- Born: Matthew Smith 1893 Oldham, England
- Died: February 25, 1958 (aged 63–64) Miami Beach, Florida, USA
- Occupation: National Secretary of the Mechanics Educational Society of America (1933–1958)
- Spouse: Dora Smith

= Matthew Smith (labor activist) =

Matthew Smith (1893 - February 25, 1958) was a labor activist in England and the United States. In 1933, he helped found the Mechanics Educational Society of America (MESA), which he served as national secretary of the group from 1933 until his death in 1958. Though he resided in the United States from 1926 until his death, he refused to apply for the U.S. citizenship and instead saw himself as "...an internationalist, a citizen of the human race."

As a socialist and pacifist, he opposed involvement in both World War I and World War II.

==England==
Smith was born in Oldham and worked in the English textile district of Lancashire. A skilled metalworker, he was part of the Shop Stewards Movement which opposed the production of munitions for the First World War. Opposed to the war, he went to jail for opposing the draft despite the exemption of men with his skill set having to fight. After participating in the failed 1926 general strike, Smith and his wife Dora emigrated to Canada in the same year. In 1928, they moved again to the United States, settling in Detroit.

==United States==
In the United States, Smith resumed his radical pro-labor activities and eventually met socialist lawyer Maurice Sugar.

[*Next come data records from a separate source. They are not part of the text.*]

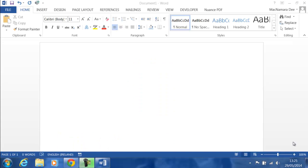Hi, Deirdre McNamara here. This is the second video in Word 2013 looking at tables. We're just taking a look at some of the more advanced table features.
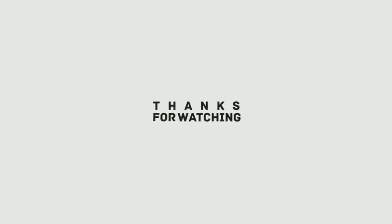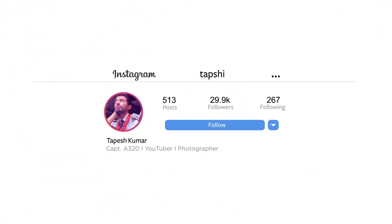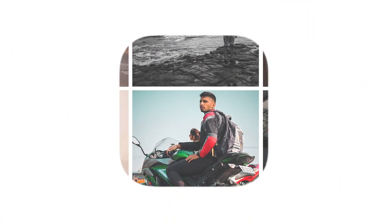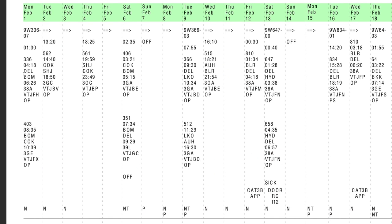Before we continue — if you're enjoying the video and think the content on the channel is good, please consider subscribing. We are approaching 100K, so thank you so much for all the love and support. You can also follow me on Instagram — just search for Tapshi (T-A-P-S-H-I) and you'll find me there.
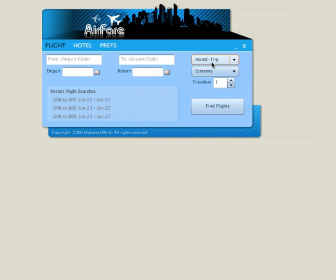Hi, this is Joe Johnson from UniversalMind. Today I wanted to show you an Air application called Airfare. Airfare is a flight and hotel search application. It utilizes the NAPI that was built by UniversalMind that pulls in the flight and hotel search information from Kayak.com. As you can see, it's a uniquely shaped application that was custom designed by the user experience team here at UniversalMind.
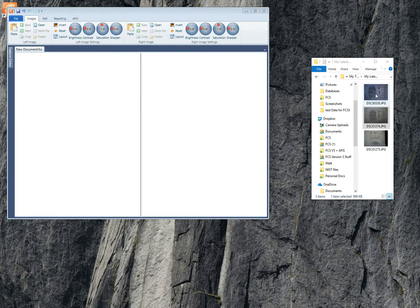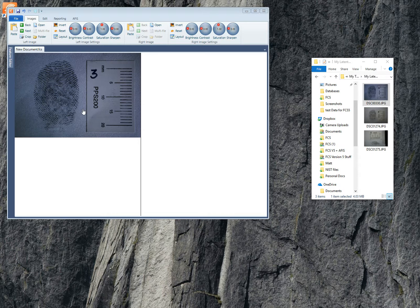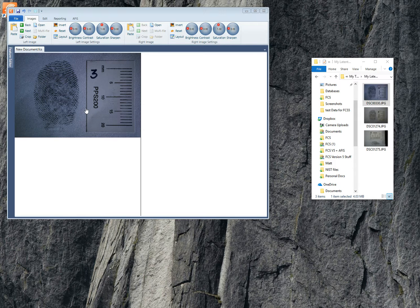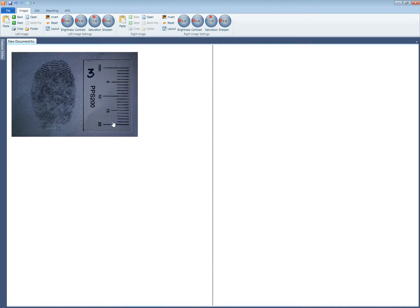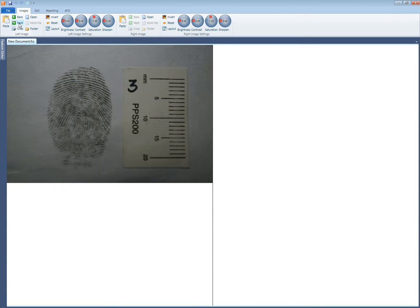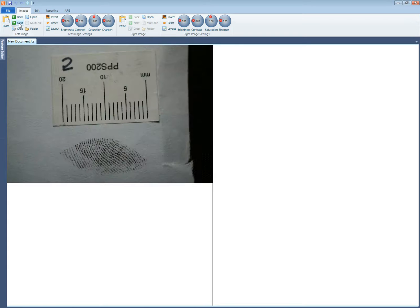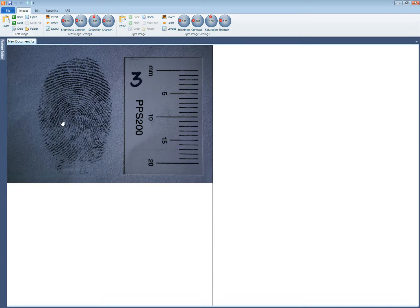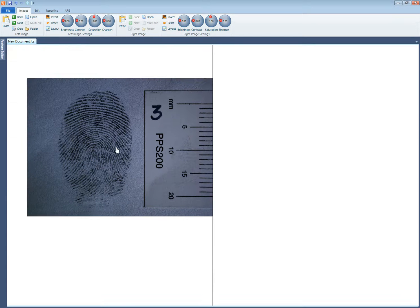I'll just select one and drag it across into the left screen and you can see there that it's a pretty good latent but I'll just check to see if the other latents that we have available are better. And no they're not. Now this is the best latent in that particular folder.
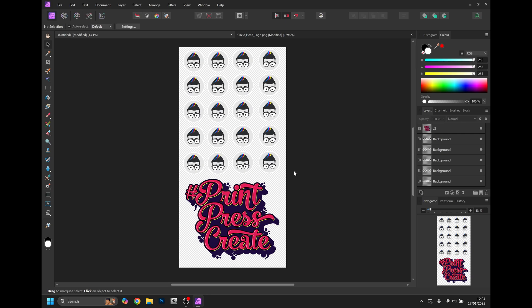With your gang sheet laid out with all of your designs, ensure it's completely filled as much as possible and that there's enough room between each design for you to cut it out when you receive the sheet.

Smith helped form the Mechanics Educational Society of America in February 1933 and Sugar served as its lead counsel during its initial strike in Flint, Michigan in September 1933. Founded among skilled tool and die workers in Detroit's automobile industry, MESA was known for class-conscious militant unionism which opposed the craft union-dominated American Federation of Labor.

In July 1938, the Smith-led MESA rejected an invitation to merge with the recently organized Congress of Industrial Organizations, citing "fundamental differences in policy" while also arguing the CIO's established union in the auto-industry, United Autoworkers (UAW), was run by a "quasi-dictatorship." In 1942, he helped organize and was named chairman of the Confederated Unions of America, which sought to form a third labor federation which was opposed to both the American Federation of Labor and the Congress of Industrial Organizations. At the time of its founding, its membership included 35 unions or associations and 260,000 members.

Smith died in February 1958 in Miami Beach, Florida of a heart attack. His wife, Dora, had died three weeks prior.